Только вот чем ближе мы подходили к дома Авдотьи, тем сильнее накатывал страх. А я поняла, что искренне завидую людям, которые в экстренных случаях могут мыслить здраво. Я к таким людям не относилась.
А ещё я поняла одно, если у меня получится выдержать операцию, то я стану травницей. Ещё не знаю, как сложится моя жизнь, но я знаю себя.

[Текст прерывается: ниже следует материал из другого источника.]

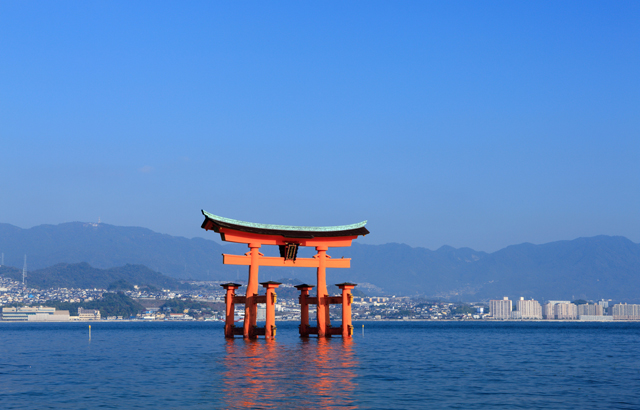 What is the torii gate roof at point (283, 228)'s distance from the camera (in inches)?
1874

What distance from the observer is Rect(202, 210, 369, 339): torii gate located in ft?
162

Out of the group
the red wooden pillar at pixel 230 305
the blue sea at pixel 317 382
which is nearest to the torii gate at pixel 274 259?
the red wooden pillar at pixel 230 305

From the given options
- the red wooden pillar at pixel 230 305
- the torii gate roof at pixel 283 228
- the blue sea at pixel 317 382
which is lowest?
the blue sea at pixel 317 382

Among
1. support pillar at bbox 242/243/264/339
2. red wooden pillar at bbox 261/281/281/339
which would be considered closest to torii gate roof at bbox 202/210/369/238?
support pillar at bbox 242/243/264/339

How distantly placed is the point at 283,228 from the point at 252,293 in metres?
5.57

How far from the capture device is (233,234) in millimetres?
48906

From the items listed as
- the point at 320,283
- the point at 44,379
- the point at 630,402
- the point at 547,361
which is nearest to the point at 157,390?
the point at 44,379

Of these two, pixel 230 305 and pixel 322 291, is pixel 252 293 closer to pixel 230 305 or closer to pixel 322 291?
pixel 230 305

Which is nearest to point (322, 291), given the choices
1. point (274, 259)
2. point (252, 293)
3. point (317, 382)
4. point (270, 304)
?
point (274, 259)

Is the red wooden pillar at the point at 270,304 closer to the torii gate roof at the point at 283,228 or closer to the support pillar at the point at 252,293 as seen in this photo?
the support pillar at the point at 252,293

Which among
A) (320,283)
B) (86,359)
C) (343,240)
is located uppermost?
(343,240)

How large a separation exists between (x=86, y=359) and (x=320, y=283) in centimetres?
1931

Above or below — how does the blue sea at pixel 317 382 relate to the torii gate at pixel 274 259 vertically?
below

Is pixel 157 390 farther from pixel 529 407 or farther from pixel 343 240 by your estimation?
pixel 343 240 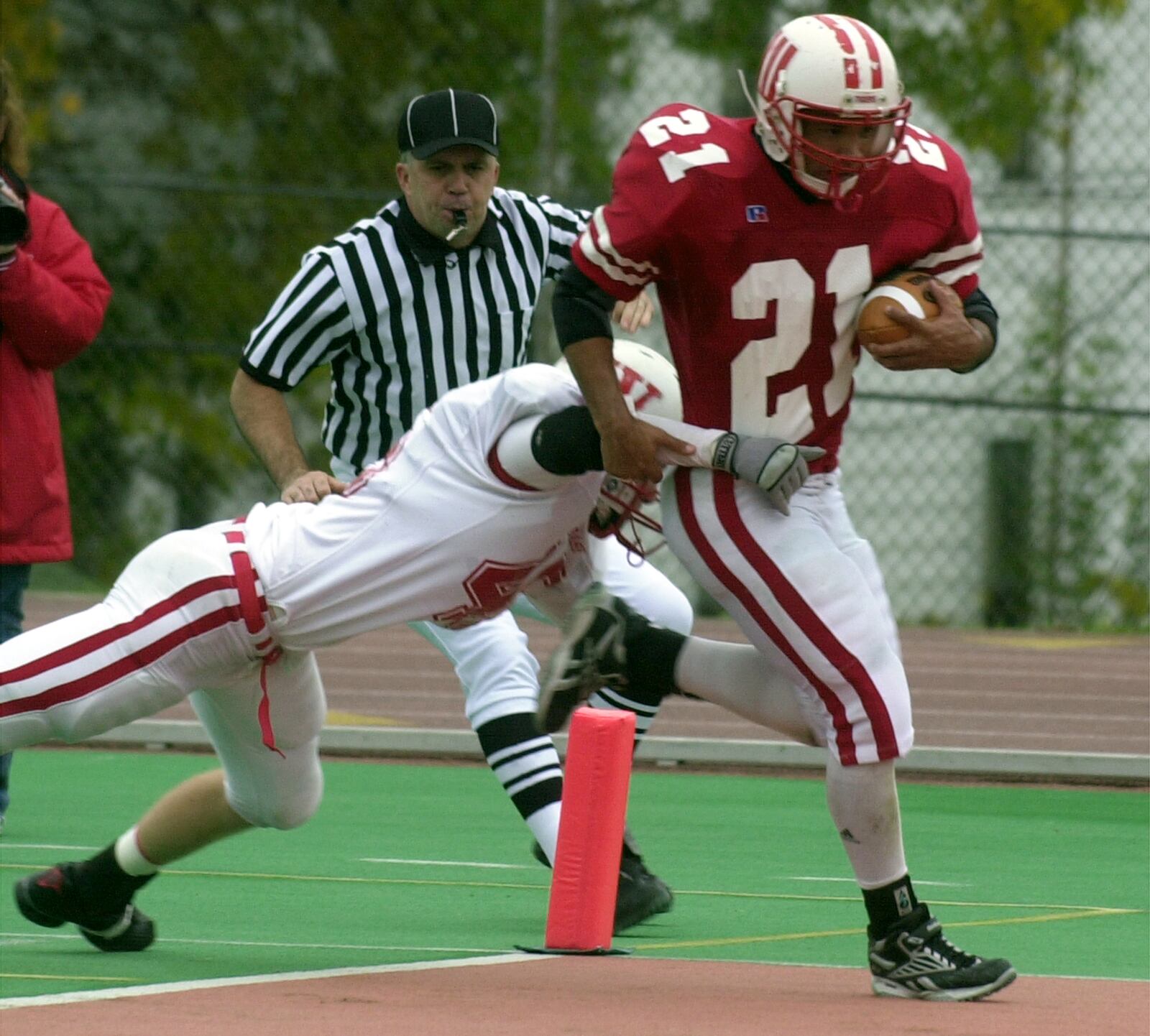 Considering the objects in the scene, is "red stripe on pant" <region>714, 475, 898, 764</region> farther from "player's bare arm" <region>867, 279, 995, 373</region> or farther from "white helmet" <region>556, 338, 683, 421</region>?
"player's bare arm" <region>867, 279, 995, 373</region>

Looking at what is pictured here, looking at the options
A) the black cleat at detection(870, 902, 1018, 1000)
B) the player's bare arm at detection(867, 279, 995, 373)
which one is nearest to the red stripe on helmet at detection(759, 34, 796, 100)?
the player's bare arm at detection(867, 279, 995, 373)

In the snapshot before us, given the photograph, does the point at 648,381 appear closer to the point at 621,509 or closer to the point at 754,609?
the point at 621,509

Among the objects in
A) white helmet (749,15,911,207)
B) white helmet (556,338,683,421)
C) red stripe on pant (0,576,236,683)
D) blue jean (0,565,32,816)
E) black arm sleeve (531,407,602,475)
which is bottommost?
blue jean (0,565,32,816)

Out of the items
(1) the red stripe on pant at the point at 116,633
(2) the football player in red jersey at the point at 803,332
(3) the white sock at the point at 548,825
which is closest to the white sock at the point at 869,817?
(2) the football player in red jersey at the point at 803,332

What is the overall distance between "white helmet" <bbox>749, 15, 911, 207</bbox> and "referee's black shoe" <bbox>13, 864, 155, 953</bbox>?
6.86ft

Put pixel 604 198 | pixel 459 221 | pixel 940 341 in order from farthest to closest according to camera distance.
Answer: pixel 604 198
pixel 459 221
pixel 940 341

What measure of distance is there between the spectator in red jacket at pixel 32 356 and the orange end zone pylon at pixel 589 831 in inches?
87.5

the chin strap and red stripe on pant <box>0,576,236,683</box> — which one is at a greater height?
the chin strap

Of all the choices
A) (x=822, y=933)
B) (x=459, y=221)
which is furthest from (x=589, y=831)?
(x=459, y=221)

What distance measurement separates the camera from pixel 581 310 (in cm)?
482

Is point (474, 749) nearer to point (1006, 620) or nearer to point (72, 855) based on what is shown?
point (72, 855)

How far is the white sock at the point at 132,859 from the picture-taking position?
5.29m

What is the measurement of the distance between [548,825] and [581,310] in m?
1.42

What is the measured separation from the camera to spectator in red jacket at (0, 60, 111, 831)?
21.8 feet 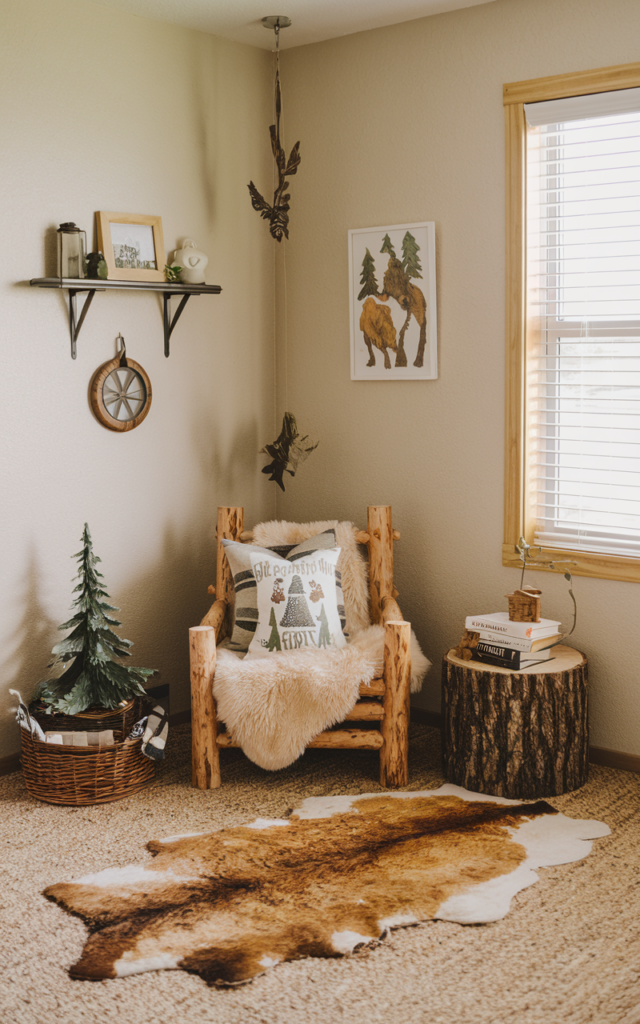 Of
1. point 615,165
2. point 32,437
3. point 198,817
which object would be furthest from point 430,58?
point 198,817

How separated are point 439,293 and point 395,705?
5.05 ft

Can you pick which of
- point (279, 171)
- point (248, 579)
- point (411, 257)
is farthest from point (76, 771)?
point (279, 171)

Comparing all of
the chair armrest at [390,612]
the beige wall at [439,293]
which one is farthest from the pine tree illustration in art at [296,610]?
the beige wall at [439,293]

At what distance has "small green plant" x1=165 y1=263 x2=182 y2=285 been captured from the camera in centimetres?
354

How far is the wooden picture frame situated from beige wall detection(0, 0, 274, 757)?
0.06 m

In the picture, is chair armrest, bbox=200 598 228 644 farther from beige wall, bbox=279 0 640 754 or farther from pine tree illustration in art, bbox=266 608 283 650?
beige wall, bbox=279 0 640 754

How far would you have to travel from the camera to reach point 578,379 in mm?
3236

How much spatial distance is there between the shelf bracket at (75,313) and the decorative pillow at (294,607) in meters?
0.98

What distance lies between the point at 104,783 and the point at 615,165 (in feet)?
8.47

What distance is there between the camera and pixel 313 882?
2441 mm

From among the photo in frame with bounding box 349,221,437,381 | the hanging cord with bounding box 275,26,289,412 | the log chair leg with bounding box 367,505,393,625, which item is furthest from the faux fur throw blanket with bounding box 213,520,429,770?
the hanging cord with bounding box 275,26,289,412

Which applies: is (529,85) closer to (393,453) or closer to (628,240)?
(628,240)

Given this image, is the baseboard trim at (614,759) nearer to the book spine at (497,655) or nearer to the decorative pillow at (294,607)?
the book spine at (497,655)

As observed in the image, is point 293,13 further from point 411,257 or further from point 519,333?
point 519,333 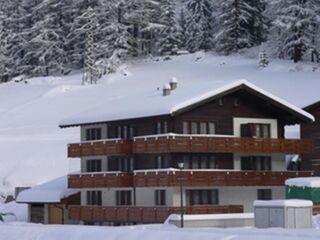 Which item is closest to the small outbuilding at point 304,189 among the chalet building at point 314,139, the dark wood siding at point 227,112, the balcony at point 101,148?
the dark wood siding at point 227,112

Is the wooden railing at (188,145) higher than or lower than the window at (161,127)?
lower

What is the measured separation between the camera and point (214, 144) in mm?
44312

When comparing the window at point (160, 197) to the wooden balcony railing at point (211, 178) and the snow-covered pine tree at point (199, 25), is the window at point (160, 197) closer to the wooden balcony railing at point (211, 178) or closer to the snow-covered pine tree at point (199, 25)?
the wooden balcony railing at point (211, 178)

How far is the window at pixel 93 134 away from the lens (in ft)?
160

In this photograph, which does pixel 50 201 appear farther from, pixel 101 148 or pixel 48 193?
pixel 101 148

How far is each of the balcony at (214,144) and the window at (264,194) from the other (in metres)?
2.26

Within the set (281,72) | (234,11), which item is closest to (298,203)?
(281,72)

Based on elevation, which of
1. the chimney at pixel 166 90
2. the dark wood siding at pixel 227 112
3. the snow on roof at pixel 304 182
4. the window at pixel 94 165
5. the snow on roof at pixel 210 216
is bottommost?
the snow on roof at pixel 210 216

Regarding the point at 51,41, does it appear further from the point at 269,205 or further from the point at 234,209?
the point at 269,205

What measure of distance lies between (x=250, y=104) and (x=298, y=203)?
43.1 ft

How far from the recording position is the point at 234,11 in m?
95.3

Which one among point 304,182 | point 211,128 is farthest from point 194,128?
point 304,182

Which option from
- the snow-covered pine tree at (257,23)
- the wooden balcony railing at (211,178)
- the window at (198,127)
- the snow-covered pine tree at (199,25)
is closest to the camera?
the wooden balcony railing at (211,178)

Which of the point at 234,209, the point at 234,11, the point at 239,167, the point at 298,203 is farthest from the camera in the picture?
the point at 234,11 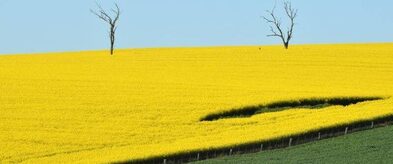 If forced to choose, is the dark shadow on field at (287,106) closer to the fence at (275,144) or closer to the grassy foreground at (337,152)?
the fence at (275,144)

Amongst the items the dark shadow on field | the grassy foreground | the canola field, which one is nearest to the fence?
the canola field

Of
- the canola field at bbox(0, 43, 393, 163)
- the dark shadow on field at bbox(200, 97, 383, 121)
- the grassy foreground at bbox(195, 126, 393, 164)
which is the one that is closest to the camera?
the grassy foreground at bbox(195, 126, 393, 164)

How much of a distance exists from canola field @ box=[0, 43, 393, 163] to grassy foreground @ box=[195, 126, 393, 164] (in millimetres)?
831

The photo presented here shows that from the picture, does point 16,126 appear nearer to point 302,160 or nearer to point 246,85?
point 302,160

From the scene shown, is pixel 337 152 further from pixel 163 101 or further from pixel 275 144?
pixel 163 101

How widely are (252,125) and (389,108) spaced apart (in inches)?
195

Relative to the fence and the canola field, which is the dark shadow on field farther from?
the fence

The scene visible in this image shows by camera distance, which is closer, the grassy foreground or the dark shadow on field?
the grassy foreground

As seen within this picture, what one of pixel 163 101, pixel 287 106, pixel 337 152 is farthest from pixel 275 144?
pixel 163 101

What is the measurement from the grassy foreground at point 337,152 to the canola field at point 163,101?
83 cm

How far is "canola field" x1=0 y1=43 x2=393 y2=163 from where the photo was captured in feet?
83.8

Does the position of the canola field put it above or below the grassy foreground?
below

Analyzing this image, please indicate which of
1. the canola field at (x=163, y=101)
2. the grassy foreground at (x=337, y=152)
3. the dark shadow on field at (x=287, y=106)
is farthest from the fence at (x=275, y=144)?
the dark shadow on field at (x=287, y=106)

Если Ратибора получится спасти, я не брошу это дело.
– Я всё принёс, – Тихомир смотрел на нас с надеждой и толикой панике.
– Хорошо, – кивнула травница. – Клади на лавку, а простыни мне дай. Арника, помоги.
Мы застелили стол простынью, предварительно убрав всё с него и протерев тряпкой.
– Тихомир, неси батьку на стол. Положи его.
Когда Тихомир вышел, женщина перелила самогон в пустую банку и поманила меня рукой.
– Знаешь, когда-то этот способ считался едва ли не самым лучшим, чтобы отправить больного в глубокий сон. Со временем научились делать обезболивающее, но именно этот способ быстр и прост, когда вблизи нет обезболивающего.
– Напоить алкоголем? – непонимающе переспросила я. – Неужели можно настолько много выпить?
– Можно, – усмехнулась мама. – Можно и помереть от отравления. Но я сейчас не о чистом алкоголе. Идём со мной, только так, чтобы никто не видел.
Я вышла следом, на улицу. И не поняла сразу, зачем травница срывает цветы.
Пока не увидела, что это за цветы…
– Это обязательно? – прошептала я.
– Иначе, Ратибор умрёт от болевого шока, – объяснила женщина, выдавливая сок в бутыль с алкоголем. – Будем надеяться, что поможет.
– Значит, уверенности нет? – спросила я, внимательно следя за приготовлениями.
– Абсолютно никакой, – вздохнула травница. – Идём, пора приступать.
Я никогда не хотела стать врачом. Эта благородная профессия вызывала во мне ужас. Не само название, естественно. А то, с чем приходится сталкиваться. Сейчас же мне приходилось внимательно наблюдать за операцией, подавляя тошноту и головокружение. Хлопнуться в обморок, оставив травницу разбираться самостоятельно, значит собственноручно убить пациента.
Напоив Ратибора алкоголем, мы дождались, пока он уснёт. Не знала, что без специальных лекарств сон может быть настолько крепок. Я даже усомнилась, а сможет ли он проснуться.
– Не отвлекайся, – рыкнула мама, внимательно разглядывая рану.
– Может дождёмся лекаря? – тихо спросила я, лелея надежду.